The hashdeep-compare partitioning algorithm compares all of the file entries from the two input logs and organizes them based on matching hashes and/or names. 

When the partitioning algorithm starts, all of the entries in both input logs are loaded into a working set. Match rules are applied in a fixed order, and as matches are identified, the matched entries are removed from the working set. When the algorithm finishes, every entry will have been partitioned into exactly one match, or into one of two special sets of unmatched leftover entries.

When input logs 1 and 2 are earlier and later (respectively) records of the same file volume, these match types can imply the type of file change that was made between the creations of the logs.

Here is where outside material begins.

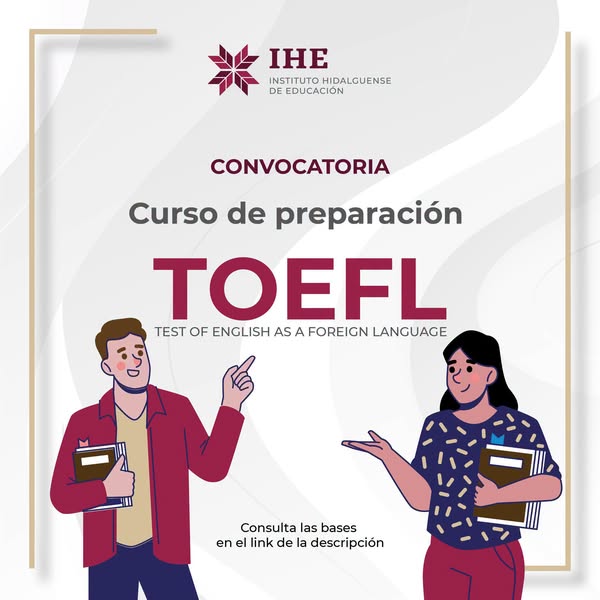 Noticia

Match rules, in order, with implied file changes:
1. Full match pairs: unchanged files
1. Full match groups: should never happen (duplicate names imply invalid Hashdeep logs)
1. Name match pairs: modified files
1. Name match groups: should never happen (duplicate names imply invalid Hashdeep logs)
1. Hashes match pairs: moved/renamed files
1. Hashes match groups (entries from both logs): ambiguous rename/move/copy/delete
1. Hashes match groups (entries only from log 1): duplicate files deleted
1. Hashes match groups (entries only from log 2): duplicate files created

After the match rules have been run, no more matching names or hashes will exist among the remaining entries.
1. unmatchable (entry from log 1): deleted files
1. unmatchable (entry from log 2): created files


Because each log entry is represented in exactly one match or unmatchable set, the algorithm results represent the total content of the two input logs.

The results are stored in separate files for each match rule, plus two files for unmatchable entries. These files are created by adding the following suffixes to the output file base parameter supplied to the `part` command:
* _full_match_pairs
* _full_match_groups_file1_only
* _full_match_groups_file2_only
* _full_match_groups_file1_and_file2
* _name_match_pairs
* _name_match_groups_file1_only
* _name_match_groups_file2_only
* _name_match_groups_file1_and_file2
* _hashes_match_pairs
* _hashes_match_groups_file1_only
* _hashes_match_groups_file2_only
* _hashes_match_groups_file1_and_file2
* _no_match_entries_file1
* _no_match_entries_file2

Because each category is written to its own output file, you can use any text editor to analyze the results, and quickly confirm that any category that should be empty actually is (i.e.: has an empty output file).

### Supplemental: handling of partially-invalid input logs
When reading a hashdeep log, hashdeep-compare performs two content checks:
* In the log header: the line count, hashdeep version, and recorded log format are confirmed. If these are not identical to what the hashdeep-compare test suite uses, a warning is issued. This is intended to warn the user if a different version of hashdeep (or something else) may have generated a log file that might lead to unexpected results.
* Each log entry line is checked for correct formatting: incorrectly-formatted lines are ignored by hashdeep-compare. If any are found, the number of these ignored lines is reported in a warning message.
  
(Note: These checks are here for extra safety. ~~I've never seen hashdeep generate an invalid line~~: if you have one of these, you should probably figure out why before you rely on the output.)

(Update 2024.3.5: hashdeep will generate an invalid line by adding newlines that occur in filenames. Because of the line-based structure of the hashdeep output format, there may not be an elegant way to add support for these files to hashdeep-compare.)

Regardless of how many warnings are generated, hashdeep-compare will always use all of the correctly-formatted entries to produce the requested output. Warnings, by themselves, will never prevent hashdeep-compare from running to successful completion.